Sejumlah tokoh terdiri atas politisi dan aktivis dijadikan
tersangka oleh polri karena merencanakan makar, yaitu menggulingkan
pemerintahan yang syah. \Mereka ditangkap pada Subuh 2 Desember 2016, menjelang
aksi damai ummat Islam untuk mendoakan
bangsa dan negara. Kapolri Jenderal Tito menjelaskan kepada
DPR pada 5 Desember, langkah itu diambil untuk mengantisipasi para tersangka
melakukan provokasi melalui media sosial. Pihak kepolisian menemukan bukti
bahwa para tersangka akan memanfaatkan unjuk rasa damai ummat Islam,
membelokkan mereka ke gedung DPR/MPR, mendudukinya dan memaksa MPR
menyelenggarakan Sidang Istimewa dengan agenda: kembali ke UUD 1945 sebelum
amandemen dan mengganti presiden/wapres. Sebaliknya Rahmawati Sukarno Puteri
yang juga menjadi tersangka, membenarkan memang akan ke gedung DPR/MPR, bukan
menduduki, melainkan menyampaikan petisi di halamannya dengan membawa massa
sendiri.
Pakar hukum Yusril Izha Mahendra berpendapat, keinginan
menyampaikan petisi tidak dapat dikatakan usaha makar karena itu ia menawarkan
diri menjadi penasehat hukum para tersangka. Tokoh yang juga berpendapat bahwa
himbauan kepada MPR untuk kembali ke UUD 1945 sebelum amandemen bukan makar
adalah mantan Ketua PP Muhammadiyah Din Syamsuddin.

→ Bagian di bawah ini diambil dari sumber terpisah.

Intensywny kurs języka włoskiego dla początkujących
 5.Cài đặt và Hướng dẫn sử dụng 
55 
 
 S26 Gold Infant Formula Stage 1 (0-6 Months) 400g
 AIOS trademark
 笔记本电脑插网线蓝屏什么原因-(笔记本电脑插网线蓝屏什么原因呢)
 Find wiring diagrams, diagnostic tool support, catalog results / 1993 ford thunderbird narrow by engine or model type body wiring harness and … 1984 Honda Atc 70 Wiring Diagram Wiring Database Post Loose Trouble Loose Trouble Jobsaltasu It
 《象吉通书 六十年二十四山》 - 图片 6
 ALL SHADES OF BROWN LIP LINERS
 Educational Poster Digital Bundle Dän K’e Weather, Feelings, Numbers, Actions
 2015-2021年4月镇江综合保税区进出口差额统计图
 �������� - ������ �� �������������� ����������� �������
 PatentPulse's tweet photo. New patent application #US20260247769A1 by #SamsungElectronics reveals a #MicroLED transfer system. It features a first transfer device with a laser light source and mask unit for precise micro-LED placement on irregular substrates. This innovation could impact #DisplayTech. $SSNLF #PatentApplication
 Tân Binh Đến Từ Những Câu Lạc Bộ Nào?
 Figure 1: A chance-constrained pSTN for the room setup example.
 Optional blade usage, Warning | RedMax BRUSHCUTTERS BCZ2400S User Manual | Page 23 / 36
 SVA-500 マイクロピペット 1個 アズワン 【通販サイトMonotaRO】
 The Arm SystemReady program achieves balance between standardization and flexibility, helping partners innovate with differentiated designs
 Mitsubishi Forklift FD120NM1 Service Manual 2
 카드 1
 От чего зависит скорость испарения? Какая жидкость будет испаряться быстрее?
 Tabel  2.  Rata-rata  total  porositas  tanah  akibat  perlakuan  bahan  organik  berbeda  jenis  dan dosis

Kalau begitu, yang perlu diluruskan adalah pengertian makar
itu sendiri. Polisi perlu menunjukkan bukti ada perintah atau seruan dari pihak
terangka untuk menduduki gedung DPR/MPR. Jadi bukan hanya menyampaikan petisi
di depannya seperti dijelaskan Rahmawati.
Bagaimana pun memang tampak adanya keinginan sekelompok
orang yang ingin membatalkan amandemen UUD 1945
dengan cara-cara ekstra parlementer. Sebab kalau mereka berjiwa
demokratis, seharusnya ditempuh melalui wakil-wakil mereka di DPR.